▶ **REQUIRED ACTION**:
Transcribe the listing exactly, leaving out every picture.

___ DATA EXCERPT

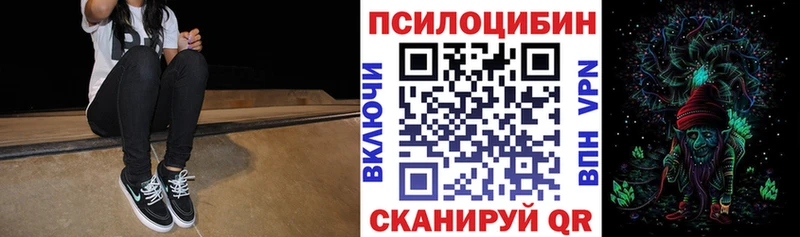 Псилоцибиновые грибы Cubensis  Шлиссельбург 
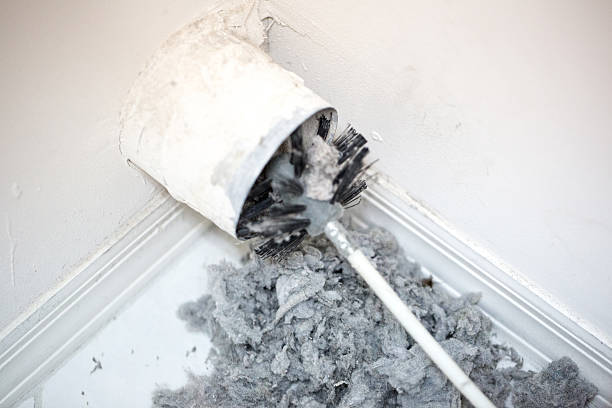 Best HVAC Maintenance and Cleaning  in Somerton, AZ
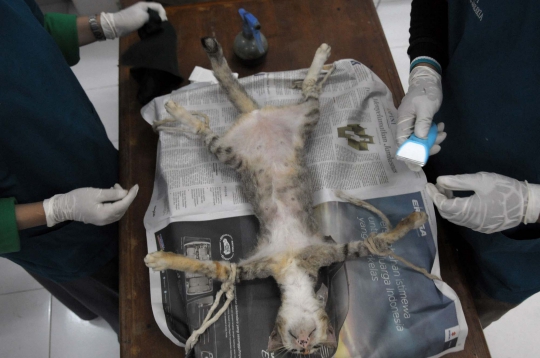 Mengintip operasi pemandulan kucing oleh Dinas Peternakan DKI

______

▶ **WRITTEN ANSWER**:
 Псилоцибиновые грибы Cubensis  Шлиссельбург 
 Best HVAC Maintenance and Cleaning  in Somerton, AZ
 Mengintip operasi pemandulan kucing oleh Dinas Peternakan DKI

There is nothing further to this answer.